▶ WHAT YOU SHOULD DO:
Exclude the pictures from your copy, and reproduce each entry below verbatim.

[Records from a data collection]
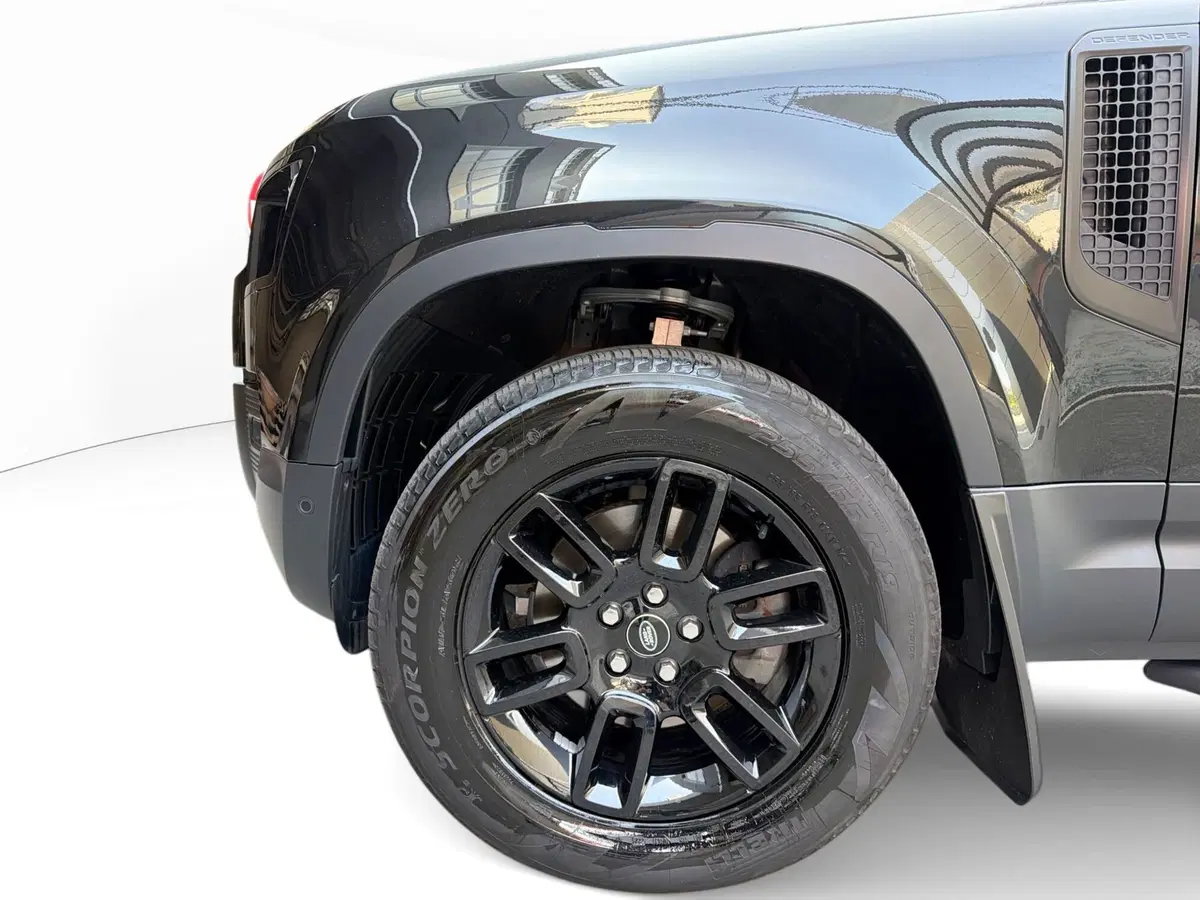 Land Rover Defender usata a Modena (13)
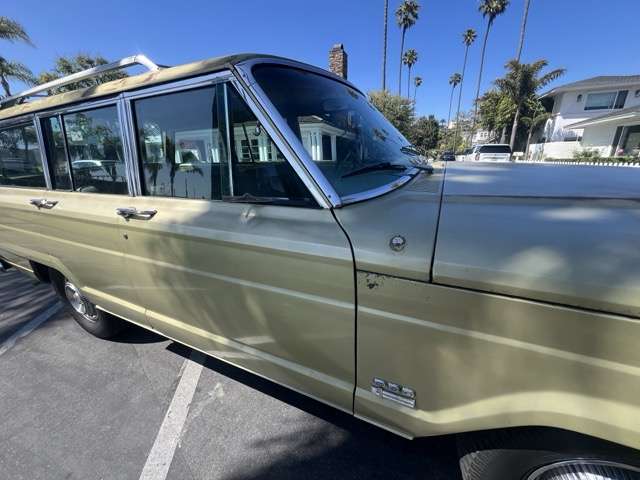1971 Jeep Wagoneer (Survivor)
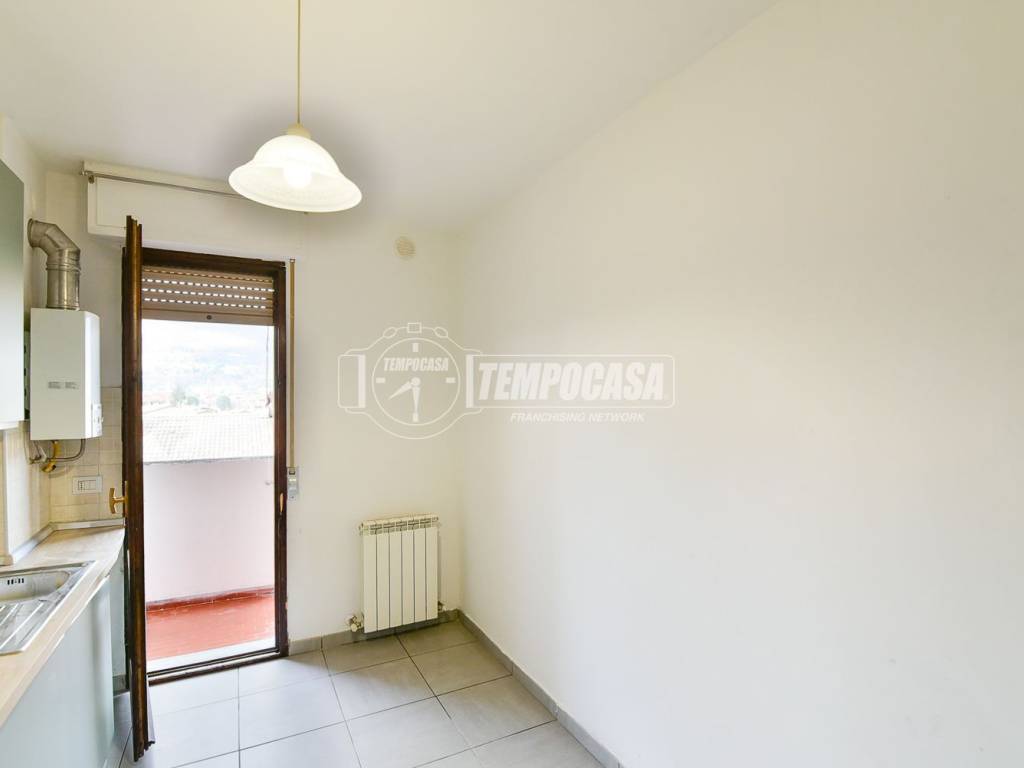 Appartamento a Erba in Via Lecco - Foto 4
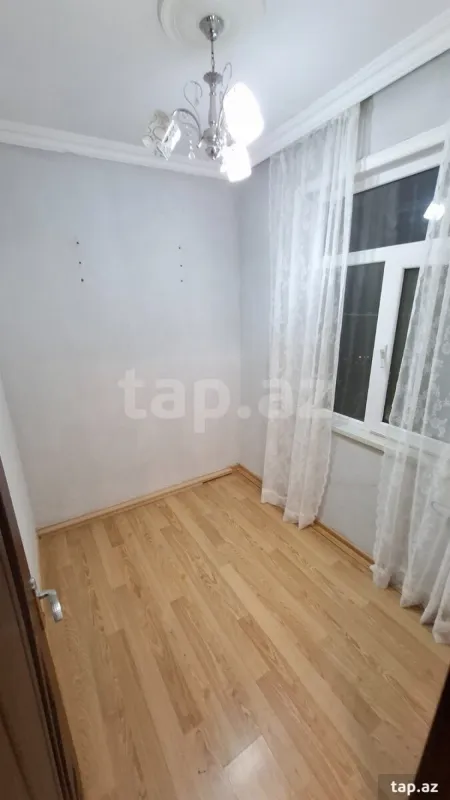 Satılır 3 otaqlı mənzil 55 m²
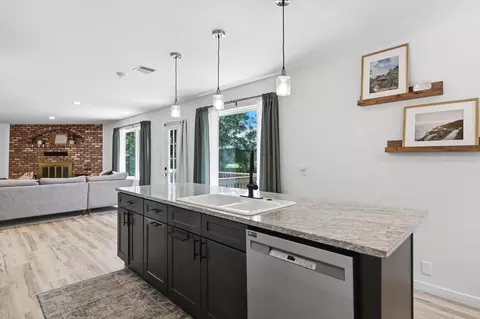 Kitchen - 5055 S Walnut Hill Rd, Springfield, MO 65810 photo 4 of 6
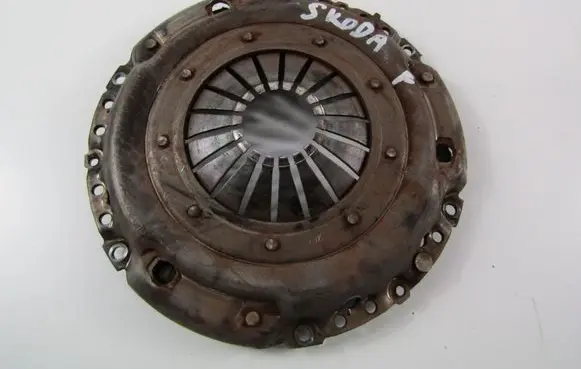 Skoda Fabia Mk2 (5J) Clutch pressure plate 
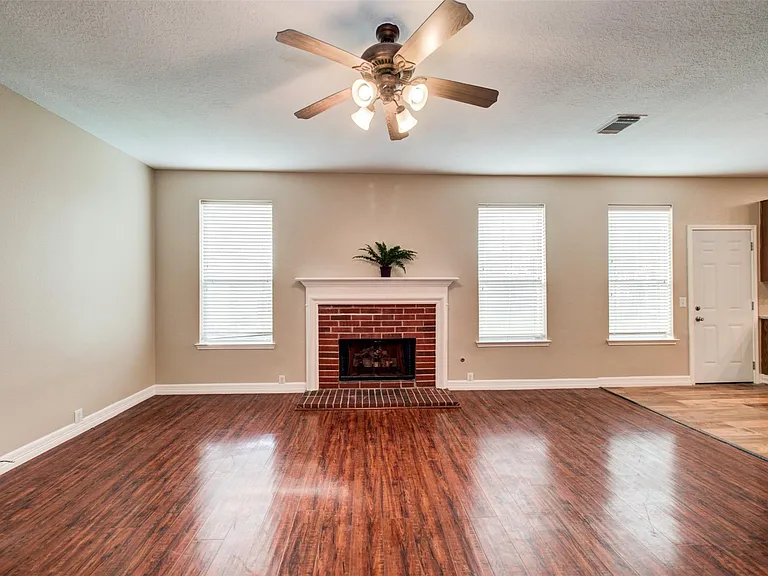 419 Thorpe Springs Dr — Photo 20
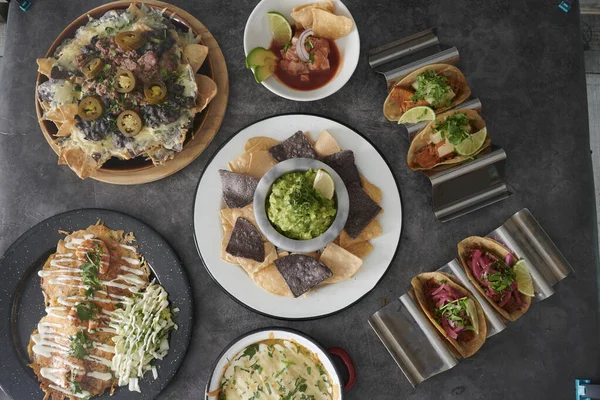 Sortido Comida Mexicana Com Fajitas Chili Con Carne Nachos Com Fotografia De Stock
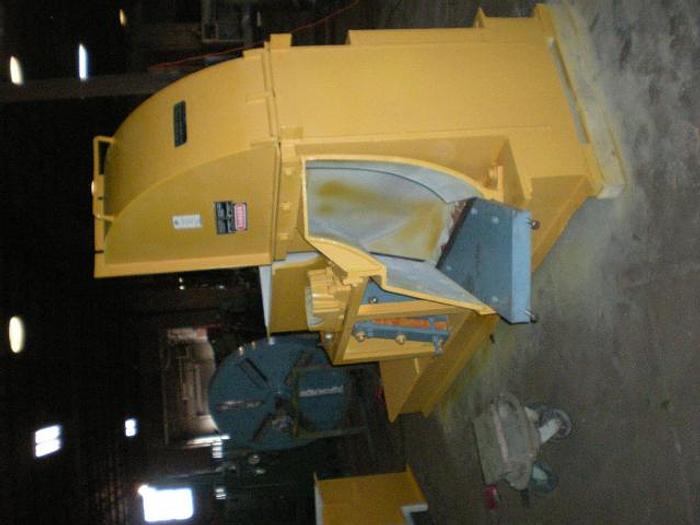 Used FULGHUM 60" Chipper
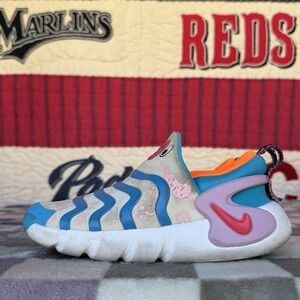 Size 3y - Nike Dynamo Go SE Low‎ Doodles - DZ2863-100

▶ RESPONSE TO THIS TASK:
 Land Rover Defender usata a Modena (13)
1971 Jeep Wagoneer (Survivor)
 Appartamento a Erba in Via Lecco - Foto 4
 Satılır 3 otaqlı mənzil 55 m²
 Kitchen - 5055 S Walnut Hill Rd, Springfield, MO 65810 photo 4 of 6
 Skoda Fabia Mk2 (5J) Clutch pressure plate 
 419 Thorpe Springs Dr — Photo 20
 Sortido Comida Mexicana Com Fajitas Chili Con Carne Nachos Com Fotografia De Stock
 Used FULGHUM 60" Chipper
 Size 3y - Nike Dynamo Go SE Low‎ Doodles - DZ2863-100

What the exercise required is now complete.